Et puis tout à coup, patatras… Non non, Gérard ne tombe pas (l’un des élus si) mais nous, on nous tombe dessus. L’un des assistants de l’acteur vient de percuter que la presse française est là. Ça tombe mal : « ah oui là non, c’est pas possible, vous comprenez, avec les médias français qui sont très très durs en ce moment, là non. Il ne veut pas vous parler, surtout ne lui posez pas de questions, d’accord ? » Oui oui, on comprend. On pensait quand même pouvoir continuer la visite discrétos… C’était sans compter avec les sbires à chapka, qui n’ont d’abord pas vu le mal en nous laisser prendre part à la sauterie. Il revient au chargé de com’ de la Mordovie de nous proposer une belle petite balade qui sera plus intéressante que de suivre Depardieu comme notre ombre. Très gentiment il faut le dire, Valery nous reconduit à notre hôtel où l’on nous conseille de nous reposer. Très gentiment encore, Valery nous invite à déjeuner en plein milieu d’après-midi pour s’assurer, peut-être, que l’on n’a pas le temps d’envoyer à Paris les nouvelles du front. Valery une dernière fois, nous propose une visite guidée de la ville le lendemain. Peut-être sommes-nous mauvaise langue.



Caroline Gaujard-Larson

 Plein de cadeaux

Par chance, Irina, qui a servi d’interprète au musée, nous raconte plus tard la fin de visite dans son bon français. Paraitrait que le soir même, « ils vont lui offrir les clés de son nouveau domicile à Saransk », un appartement ou une maison, Gérard choisira. Irina a été conviée au repas du soir, elle a préféré décliner l’invitation et les laisser « entre hommes, oh et puis ils boivent ».

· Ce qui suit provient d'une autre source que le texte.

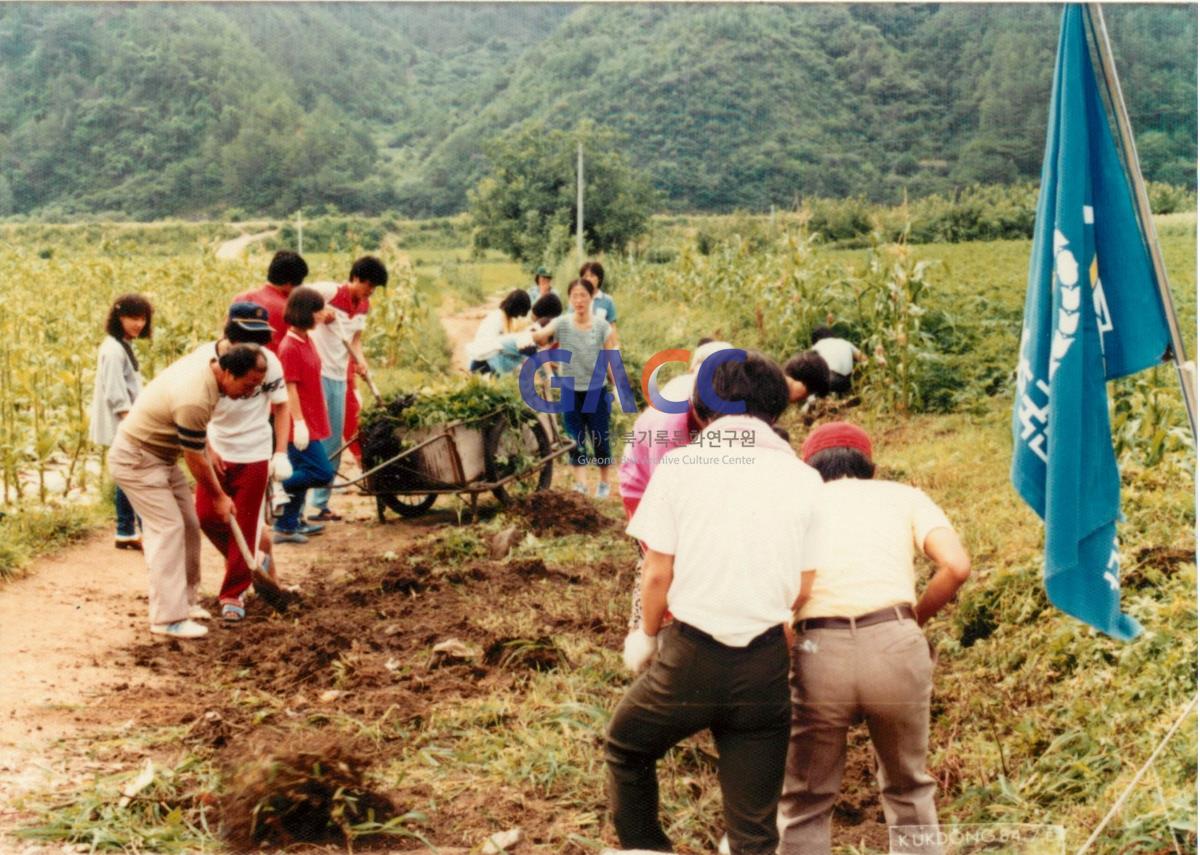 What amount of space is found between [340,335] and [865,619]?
16.2 feet

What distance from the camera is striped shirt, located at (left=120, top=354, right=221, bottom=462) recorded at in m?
4.98

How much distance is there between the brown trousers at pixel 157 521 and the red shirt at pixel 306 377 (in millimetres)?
1125

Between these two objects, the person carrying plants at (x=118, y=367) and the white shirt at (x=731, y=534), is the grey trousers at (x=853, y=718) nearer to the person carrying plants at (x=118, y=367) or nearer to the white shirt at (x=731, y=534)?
the white shirt at (x=731, y=534)

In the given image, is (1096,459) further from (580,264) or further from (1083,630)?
(580,264)

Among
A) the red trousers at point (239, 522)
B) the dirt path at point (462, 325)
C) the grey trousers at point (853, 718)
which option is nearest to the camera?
the grey trousers at point (853, 718)

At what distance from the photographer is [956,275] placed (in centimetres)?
1109

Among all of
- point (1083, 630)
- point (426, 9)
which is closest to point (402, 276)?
point (426, 9)

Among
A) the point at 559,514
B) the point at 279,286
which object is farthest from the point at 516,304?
the point at 279,286

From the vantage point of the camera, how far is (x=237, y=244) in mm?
10414

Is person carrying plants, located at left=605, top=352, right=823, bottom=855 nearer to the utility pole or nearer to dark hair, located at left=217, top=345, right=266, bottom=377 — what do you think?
dark hair, located at left=217, top=345, right=266, bottom=377

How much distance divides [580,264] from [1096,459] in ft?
15.6

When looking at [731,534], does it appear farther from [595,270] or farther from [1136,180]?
[595,270]

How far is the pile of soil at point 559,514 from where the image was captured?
7.00 metres

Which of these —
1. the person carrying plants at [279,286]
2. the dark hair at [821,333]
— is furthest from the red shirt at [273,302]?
the dark hair at [821,333] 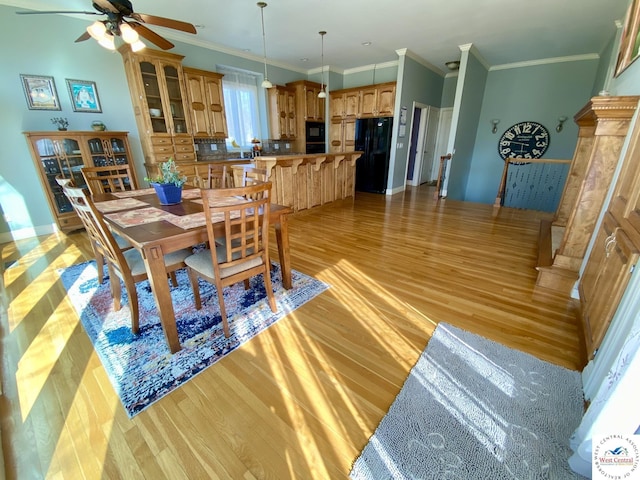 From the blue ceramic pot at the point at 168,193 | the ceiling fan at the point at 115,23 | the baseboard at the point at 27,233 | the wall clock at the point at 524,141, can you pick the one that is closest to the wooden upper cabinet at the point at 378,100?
the wall clock at the point at 524,141

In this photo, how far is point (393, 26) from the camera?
412 centimetres

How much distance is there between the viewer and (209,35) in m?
4.49

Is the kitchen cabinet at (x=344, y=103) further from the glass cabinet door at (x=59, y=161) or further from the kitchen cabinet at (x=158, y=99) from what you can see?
the glass cabinet door at (x=59, y=161)

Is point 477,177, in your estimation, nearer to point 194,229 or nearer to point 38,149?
point 194,229

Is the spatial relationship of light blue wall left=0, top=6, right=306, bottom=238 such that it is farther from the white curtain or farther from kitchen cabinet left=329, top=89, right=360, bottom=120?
the white curtain

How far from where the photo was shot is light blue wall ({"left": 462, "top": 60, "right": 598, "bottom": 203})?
5.66m

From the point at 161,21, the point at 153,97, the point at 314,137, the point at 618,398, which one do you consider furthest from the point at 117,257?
the point at 314,137

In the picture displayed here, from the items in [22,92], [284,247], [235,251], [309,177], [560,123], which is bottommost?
[284,247]

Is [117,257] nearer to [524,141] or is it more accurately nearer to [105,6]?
[105,6]

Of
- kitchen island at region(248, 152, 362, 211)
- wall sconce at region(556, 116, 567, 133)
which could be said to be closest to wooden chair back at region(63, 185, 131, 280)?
kitchen island at region(248, 152, 362, 211)

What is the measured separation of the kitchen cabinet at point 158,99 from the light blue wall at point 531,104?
558 cm

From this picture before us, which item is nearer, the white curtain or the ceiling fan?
the white curtain

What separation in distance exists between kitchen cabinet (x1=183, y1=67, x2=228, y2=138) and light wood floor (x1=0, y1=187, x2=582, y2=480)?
292 centimetres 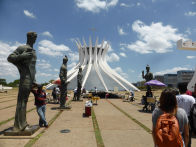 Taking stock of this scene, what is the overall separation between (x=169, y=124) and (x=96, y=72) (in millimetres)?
37505

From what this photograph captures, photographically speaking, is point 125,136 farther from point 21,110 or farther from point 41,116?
point 21,110

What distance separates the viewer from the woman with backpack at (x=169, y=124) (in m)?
1.84

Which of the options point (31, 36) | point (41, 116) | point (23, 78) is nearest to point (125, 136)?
point (41, 116)

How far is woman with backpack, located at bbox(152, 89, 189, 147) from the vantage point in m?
1.84

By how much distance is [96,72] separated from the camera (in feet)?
129

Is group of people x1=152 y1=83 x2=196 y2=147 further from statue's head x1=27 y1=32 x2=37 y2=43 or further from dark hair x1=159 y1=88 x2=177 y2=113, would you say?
statue's head x1=27 y1=32 x2=37 y2=43

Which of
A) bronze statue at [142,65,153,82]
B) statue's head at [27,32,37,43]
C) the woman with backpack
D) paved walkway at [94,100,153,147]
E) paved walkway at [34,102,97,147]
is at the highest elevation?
statue's head at [27,32,37,43]

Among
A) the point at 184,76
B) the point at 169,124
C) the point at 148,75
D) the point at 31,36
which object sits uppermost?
the point at 184,76

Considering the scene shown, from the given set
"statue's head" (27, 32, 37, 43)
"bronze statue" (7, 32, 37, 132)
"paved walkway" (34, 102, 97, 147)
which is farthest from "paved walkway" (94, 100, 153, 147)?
"statue's head" (27, 32, 37, 43)

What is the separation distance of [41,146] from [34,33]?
335 centimetres

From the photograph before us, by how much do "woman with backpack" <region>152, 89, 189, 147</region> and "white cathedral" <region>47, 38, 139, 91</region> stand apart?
3030cm

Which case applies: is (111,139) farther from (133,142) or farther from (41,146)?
(41,146)

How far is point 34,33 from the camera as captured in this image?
488cm

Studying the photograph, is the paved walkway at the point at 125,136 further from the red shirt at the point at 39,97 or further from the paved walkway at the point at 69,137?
the red shirt at the point at 39,97
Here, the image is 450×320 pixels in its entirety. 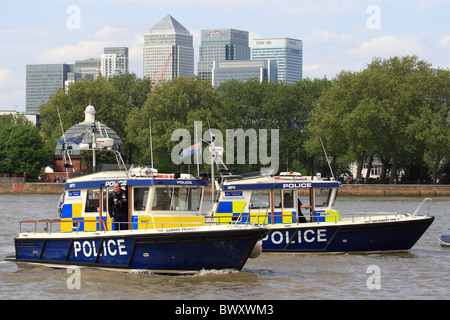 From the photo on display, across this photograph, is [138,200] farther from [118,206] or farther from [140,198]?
[118,206]

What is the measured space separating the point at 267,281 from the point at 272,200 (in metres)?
6.20

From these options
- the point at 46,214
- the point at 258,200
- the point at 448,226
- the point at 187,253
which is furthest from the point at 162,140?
the point at 187,253

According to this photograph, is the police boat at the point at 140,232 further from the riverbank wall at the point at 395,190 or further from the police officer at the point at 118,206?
the riverbank wall at the point at 395,190

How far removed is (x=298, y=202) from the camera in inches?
1091

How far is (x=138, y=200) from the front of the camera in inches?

Dans l’avion du retour, Depardieu aura aussi à méditer sur ce qui n’est peut-être pas une plaisanterie. Le chef de la République de Mordovie lui a sorti de sa hotte le poste vacant de ministre de la Culture au sein de son gouvernement. Si c’est comme le coup du passeport… L’intronisation ne prendra pas plus de deux semaines.